Читать «Череп императора» онлайн - страница 8
Виктор Банев
Я представил себе, как бы все это выглядело на практике, и улыбнулся. Вот прямо сегодня, с утра, Алексей мой Эдуардович Осокин, великий спортивный обозреватель, безвременно меня покинувший, встанет, пивка для опохмелки попьет и пойдет вставать плечом к плечу. От сознания собственной значимости хотелось высоко и гордо поднять голову, но голова была тяжелой, тупо болела и упорно не желала подниматься. На улице по-прежнему шел дождь, хотя уже и не тот, что ночью — беспросветный всемирный потоп. Подняв воротник плаща, я прямо по лужам зашагал прочь. Куда угодно, лишь бы подальше отсюда.
Часы утверждали, что дело шло к одиннадцати утра. Впрочем, часы мои имели тенденцию отставать, так что на самом деле могло оказаться гораздо больше. Скажем, полдень. Ехать в редакцию рано. Кроме уборщиц да разве что главного редактора, в такую рань там никого нет. Однако домой, в Купчино, в полгода уже не убиравшуюся квартиру, ехать хотелось еще меньше. В гастрономе на углу Литейного и Фурштатской я купил бутылку пива и решил, что кроме как в редакцию ехать-то, пожалуй, и некуда.
На самом деле использовать свое служебное положение в личных и низменно-корыстных целях, кроме уже упомянутого случая с оставлением в залог книжечки «ПРЕССА», мне доводилось только единожды. Дело в том, что дома у меня в туалете текла здоровенная черная труба — как я позже узнал, называется она «стояк холодной воды». Тек этот самый стояк ровным счетом полтора года, причем временами с такой интенсивностью, что по утрам мне приходилось в туалет буквально вплывать — брассом. Не помогало ничего. Ни поползновения обольстить диспетчершу аварийной службы, ни попытки подпоить «Смирновкой» дебила-водопроводчика. Стояк мой по-прежнему тек, и чинить его никто не хотел. Хрен бы, конечно, с ним, пусть бы тек, я неприхотлив и дома бываю от силы две ночи в неделю, но как-то раз приведенная Лешей Осокиным дама, выйдя из туалета, задумалась и сказала, что никогда еще не видела квартир, в которых запланировано сразу два душа. Это было последней каплей.
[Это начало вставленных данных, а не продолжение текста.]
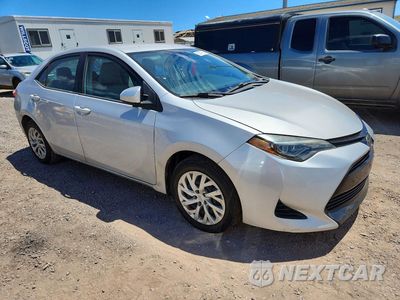 Czwarte zdjęcie samochodu z boku: 2018 TOYOTA COROLLA L VIN:5YFBURHE1JP833105 - miniatura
Прошлой весной я наконец собрался и позвонил-таки начальнице жилконторы. Я вежливо изложил ей суть дела, но по всему было видно, что на мою трубу ей глубоко наплевать. И тогда, окончательно озверев, я сказал:
— Сегодня в двадцать один тридцать гранки моей газеты уходят в типографию. Если до этого времени стояк будет течь, то завтра вы, милая дама, увидите свою фотографию прямо на первой полосе. Ясно излагаю?
Излагал я, как оказалось, достаточно ясно. Прошло сорок минут, и целая бригада сантехников (поверите? — абсолютно трезвых) зацементировала мою трубу, причем намертво. Теперь, как я подозреваю, ей не страшен даже средней интенсивности ядерный взрыв.
Интересно, что здесь сыграло большую роль — незнакомое начальнице слово «гранки» или ее личная нефотогеничность? Неужели можно всерьез поверить в подобный бред, в то, что я в силах взять и вот так запросто напечатать историю собственной трубы на первой странице городской газеты?
Я не горжусь этой своей победой. Дай тебе Бог, милая начальница, всяческих успехов на работе и в личной жизни. За это я, пожалуй, и выпью. В магазинчике на первом этаже Лениздата я купил еще четыре бутылки пива. Подумал было о водке, но решил, что ладно, успеется еще.